Quem comete o
crime de desviar energia elétrica por meio de ligação clandestina, os famosos
"gatos", precisa saber que o jogo mudou. A Lei nº 15.397/2026, já em
vigor, aumentou a pena para esse delito e determina que qualquer decisão sobre
soltura ou fiança passe pelo crivo de um juiz, não mais da autoridade policial,
como o delegado, por exemplo.
A mudança é
fácil de entender: antes, o furto simples de energia tinha pena de um a quatro
anos de prisão; agora, a pena passou para um a seis anos, além de multa. Com o
aumento da pena máxima para mais de quatro anos, a autoridade policial não pode
mais arbitrar fiança no momento da prisão em flagrante.
Embora o crime
continue sendo juridicamente afiançável, a análise e eventual concessão da
fiança passaram a ser de competência exclusiva do Poder Judiciário. Na prática,
isso torna a responsabilização mais rigorosa e reforça o combate ao furto de
energia.
O Código Penal
equipara a energia elétrica — e qualquer outra forma de energia com valor
econômico — a coisa móvel. Por isso, o desvio por ligação clandestina, sem
passar pelo sistema regular de medição, pode configurar furto. Já a adulteração
do medidor para registrar consumo inferior ao real pode, conforme as
circunstâncias, ser enquadrada como estelionato, segundo entendimento do
Superior Tribunal de Justiça.
O agravamento
dessa punição chega em um momento em que o furto de energia impõe ao setor
elétrico brasileiro um prejuízo bilionário.
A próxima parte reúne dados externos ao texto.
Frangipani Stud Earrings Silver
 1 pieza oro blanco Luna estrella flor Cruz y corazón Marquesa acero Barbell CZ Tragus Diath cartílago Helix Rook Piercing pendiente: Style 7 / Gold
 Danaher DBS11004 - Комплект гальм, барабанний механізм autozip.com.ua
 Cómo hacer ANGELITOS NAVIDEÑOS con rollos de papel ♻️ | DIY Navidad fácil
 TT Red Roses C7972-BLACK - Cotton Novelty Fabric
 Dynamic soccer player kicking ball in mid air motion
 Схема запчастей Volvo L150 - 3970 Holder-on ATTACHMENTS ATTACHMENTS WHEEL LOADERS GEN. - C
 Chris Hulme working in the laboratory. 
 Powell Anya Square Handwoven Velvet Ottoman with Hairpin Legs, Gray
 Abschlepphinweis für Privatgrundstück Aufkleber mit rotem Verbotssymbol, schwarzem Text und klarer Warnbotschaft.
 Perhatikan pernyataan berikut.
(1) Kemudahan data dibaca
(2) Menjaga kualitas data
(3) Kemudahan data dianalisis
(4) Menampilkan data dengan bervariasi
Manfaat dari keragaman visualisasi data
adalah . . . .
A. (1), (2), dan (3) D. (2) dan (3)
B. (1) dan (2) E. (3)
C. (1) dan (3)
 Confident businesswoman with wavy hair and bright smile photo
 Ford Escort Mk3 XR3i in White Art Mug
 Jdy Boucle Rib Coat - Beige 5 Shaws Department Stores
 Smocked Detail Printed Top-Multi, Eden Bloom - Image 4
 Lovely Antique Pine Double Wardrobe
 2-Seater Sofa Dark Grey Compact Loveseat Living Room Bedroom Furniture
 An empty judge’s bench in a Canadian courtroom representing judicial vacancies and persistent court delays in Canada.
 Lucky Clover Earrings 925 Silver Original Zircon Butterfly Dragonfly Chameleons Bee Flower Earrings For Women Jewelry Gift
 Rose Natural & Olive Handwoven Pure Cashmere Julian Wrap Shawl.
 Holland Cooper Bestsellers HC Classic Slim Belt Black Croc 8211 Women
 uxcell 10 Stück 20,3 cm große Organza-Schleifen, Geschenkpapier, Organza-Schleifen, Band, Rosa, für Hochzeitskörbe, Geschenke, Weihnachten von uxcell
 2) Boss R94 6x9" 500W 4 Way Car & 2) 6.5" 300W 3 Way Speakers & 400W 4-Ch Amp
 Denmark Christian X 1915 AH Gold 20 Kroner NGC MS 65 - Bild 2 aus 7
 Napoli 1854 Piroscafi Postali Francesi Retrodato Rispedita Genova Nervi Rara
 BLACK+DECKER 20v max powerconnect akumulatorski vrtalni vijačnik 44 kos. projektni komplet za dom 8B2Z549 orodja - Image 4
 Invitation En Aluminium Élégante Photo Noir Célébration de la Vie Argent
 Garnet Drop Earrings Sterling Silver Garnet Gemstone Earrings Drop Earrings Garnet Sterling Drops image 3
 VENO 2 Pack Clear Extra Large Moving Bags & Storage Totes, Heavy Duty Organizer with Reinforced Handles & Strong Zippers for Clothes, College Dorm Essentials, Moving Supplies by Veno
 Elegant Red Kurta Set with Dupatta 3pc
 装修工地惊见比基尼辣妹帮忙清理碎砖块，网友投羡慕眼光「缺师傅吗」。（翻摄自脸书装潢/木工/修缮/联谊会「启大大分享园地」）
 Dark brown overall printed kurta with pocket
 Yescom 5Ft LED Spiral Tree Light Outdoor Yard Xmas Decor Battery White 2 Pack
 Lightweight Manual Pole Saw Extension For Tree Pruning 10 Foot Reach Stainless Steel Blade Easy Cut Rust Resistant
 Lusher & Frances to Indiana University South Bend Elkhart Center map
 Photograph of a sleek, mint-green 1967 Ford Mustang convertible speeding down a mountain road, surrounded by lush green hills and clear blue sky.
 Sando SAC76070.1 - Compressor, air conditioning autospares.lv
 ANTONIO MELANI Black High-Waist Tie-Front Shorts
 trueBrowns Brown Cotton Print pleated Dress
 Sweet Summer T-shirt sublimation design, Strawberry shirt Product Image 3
Segundo a Associação Brasileira de
Distribuidores de Energia Elétrica (Abradee), em dados apresentados à Câmara
dos Deputados, as distribuidoras registraram R$ 11,3 bilhões em perdas com
furtos e fraudes em 2025, dos quais cerca de R$ 7,8 bilhões foram repassados às
tarifas e, portanto, pagos por todos os consumidores.
Levantamento
da ANEEL (Agência Nacional de Energia Elétrica) indica que as perdas não
técnicas somaram R$ 11,5 bilhões no ano passado — o equivalente a 7,1% de toda
a eletricidade produzida no país, energia suficiente para abastecer o Brasil
por 26 dias. Na prática, as ligações irregulares elevaram a conta de luz em
quase 3% em 2025, segundo a Abradee.
E por que isso
importa tanto? Porque o "gato" não é apenas um crime que causa
prejuízo econômico, é muito perigoso. Quem interfere na rede sem autorização ou
conhecimento técnico pode provocar choques elétricos, incêndios, danos a
equipamentos e até apagões que atingem um bairro inteiro ou serviços essenciais,
como hospitais e o abastecimento de água. O risco vale para quem faz a ligação
e todos ao redor, além das equipes da CPFL que precisam intervir nesses
medidores.
Para reduzir
as irregularidades, a companhia aposta em um trabalho que combina tecnologia,
inteligência artificial e fiscalização. Entre as soluções usadas estão robustos
investimentos em sistemas de medição e monitoramento, caixas de proteção em
unidades reincidentes, medidores instalados em locais protegidos e, em
determinados segmentos, conjuntos blindados com leitura externa e
acompanhamento remoto. A identificação dos desvios é constatada por meio de
inspeções de campo, análises técnicas, modelos estatísticos e denúncias
anônimas feitas pela população e, quando necessário, operações conjuntas com
autoridades policiais.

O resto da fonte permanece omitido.